#### [ACTIVITY]
Drop every picture and copy exactly the lines from the one with "105 Golfview Circle" through the last line of the listing below.

━━━ DATA BELOW

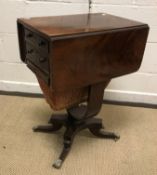 A 19th Century mahogany drop-leaf work table, with two drawers above a work basket on U shaped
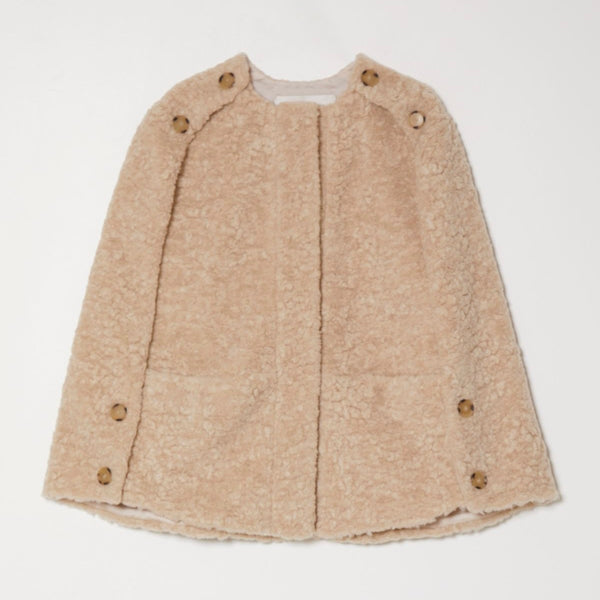 Atelier Delphine Bea Vest - light beige vest with front pockets and buttons on shoulders and sides on neutral background
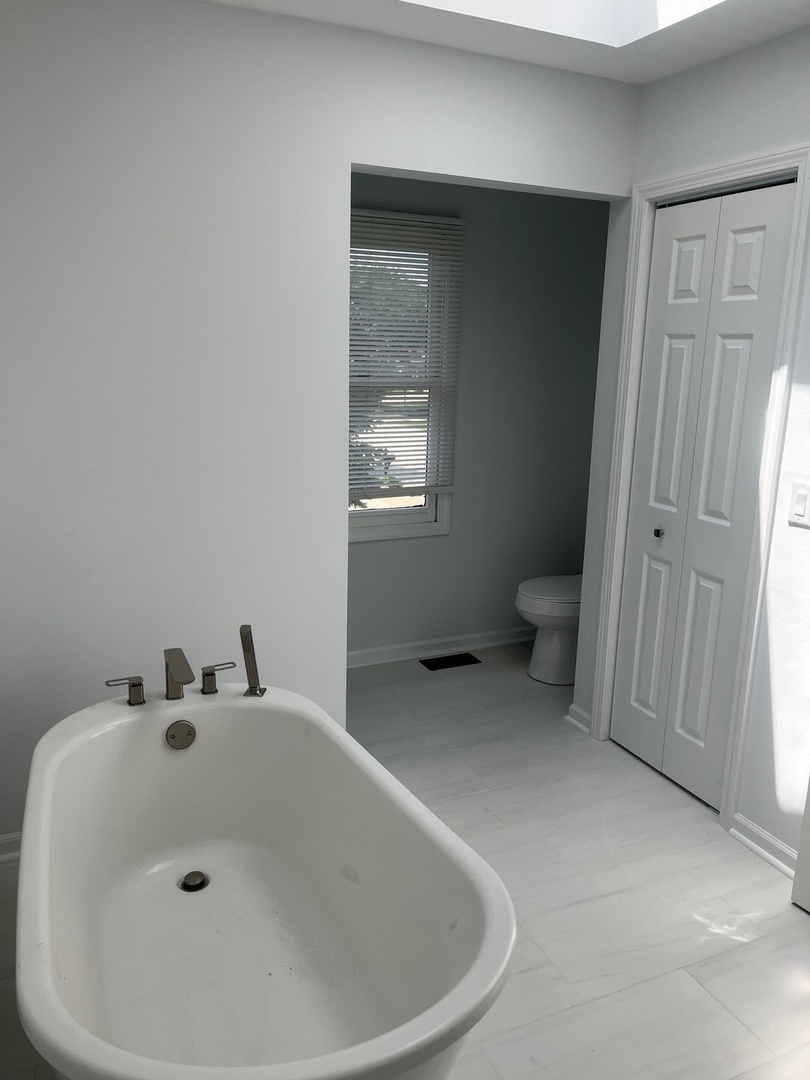 105 Golfview Circle Prospect Heights, IL 60070 - Photo 21 of 23 a bathroom with a sink and a toilet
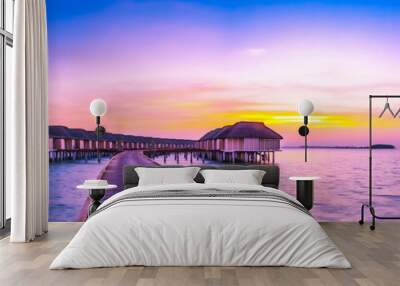 Sunset on Maldives island, luxury water villas resort and wooden pier. Beautiful sky and clouds and beach background for summer vacation holiday and travel concept Wall mural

━━━━━━

#### [RESULT FOR THIS TASK]
 105 Golfview Circle Prospect Heights, IL 60070 - Photo 21 of 23 a bathroom with a sink and a toilet
 Sunset on Maldives island, luxury water villas resort and wooden pier. Beautiful sky and clouds and beach background for summer vacation holiday and travel concept Wall mural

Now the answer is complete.